2. Flash can be slapped up on a web page and played immediately without setup. It's already cross-platform compatible.
3. People have low expectations for simple Flash, and they aren't much disappointed by something that wouldn't pass muster in 1990.
4. For a PC game. you are pitting yourself against big corporations with deep pockets for their development tools and teams. Your individually crafted game will be compared against the latest Halo and found lacking. You can't get any shelf space for it without enormous payola, and most major publishers and retail outfits won't give something that isn't full of flashy high-end hardware accelerated effects.
5. For console development, well that's HELL ON EARTH. Instead of hardware compatibility problems of a PC, you get to deal with the publisher AND the console manufacturer to get your product shipped, and they BOTH take substantial cut. To produce disks, you have to go through the manufacturer and their QA, and their production schedule.

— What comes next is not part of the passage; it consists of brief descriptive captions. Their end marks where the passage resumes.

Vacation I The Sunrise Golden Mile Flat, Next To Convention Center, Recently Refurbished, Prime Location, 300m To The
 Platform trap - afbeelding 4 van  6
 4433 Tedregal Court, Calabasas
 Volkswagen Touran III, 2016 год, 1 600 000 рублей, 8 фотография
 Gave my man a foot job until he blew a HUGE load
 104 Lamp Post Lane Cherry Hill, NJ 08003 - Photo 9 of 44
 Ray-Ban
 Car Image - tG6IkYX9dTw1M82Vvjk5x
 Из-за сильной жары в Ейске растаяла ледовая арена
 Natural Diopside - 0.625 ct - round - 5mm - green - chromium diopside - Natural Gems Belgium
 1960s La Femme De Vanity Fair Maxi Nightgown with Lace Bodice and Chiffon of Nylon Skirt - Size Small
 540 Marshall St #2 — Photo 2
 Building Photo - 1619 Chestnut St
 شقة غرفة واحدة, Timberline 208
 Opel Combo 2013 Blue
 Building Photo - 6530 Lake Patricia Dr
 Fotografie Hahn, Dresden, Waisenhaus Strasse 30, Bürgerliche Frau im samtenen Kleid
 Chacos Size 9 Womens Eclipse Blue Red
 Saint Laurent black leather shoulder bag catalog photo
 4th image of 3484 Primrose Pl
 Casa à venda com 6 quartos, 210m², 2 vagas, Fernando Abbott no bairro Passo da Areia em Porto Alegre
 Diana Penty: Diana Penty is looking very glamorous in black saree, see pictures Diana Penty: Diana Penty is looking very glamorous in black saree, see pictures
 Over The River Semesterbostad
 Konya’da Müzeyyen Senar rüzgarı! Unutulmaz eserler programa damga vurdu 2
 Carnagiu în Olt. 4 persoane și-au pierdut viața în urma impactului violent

6. For the PC, your game will be pirated practically before it hits the store shelves. For a console, your game will be 'traded', cutting you out of making any money. Even if your game COULD have gone double-platinum, the publisher could choose to push through 50,000 copies and never make another shipment. Your cut for that? About $1.98, MINUS whatever it cost you to make the game.
Anyway, Moore's law has caught up to Flash. AS3 is a substantial improvement in performance, and its enough to make 3D games with. The sooner that Adobe realizes this and sh!t-cans 'Shockwave' and moves some of the better game/render functions to Flash, the sooner the world will be a better place.
I do understand the benefits of Flash in terms of distribution but I did say Flash in it's 'current state' is just not good enough. Plus to make a game run in OpenGL is no problem no matter the hardware - the GL library can render in software if needs be (albeit slowly).
Anyway I'm not talking about selling games, look at the number of indie games which are getting more and more popular - indie games are the place to try out new ideas, not just the big companies innovate - and most of the time they don't even try that, they just regurgitate sequel 305 of successful game x. Indie developers are still selling games and making a little money - even so I'm talking about making games for the love of making games. Most people on this forum are making RPGx/RPGy because they love RPGs - but they are doing them in 2D because it works...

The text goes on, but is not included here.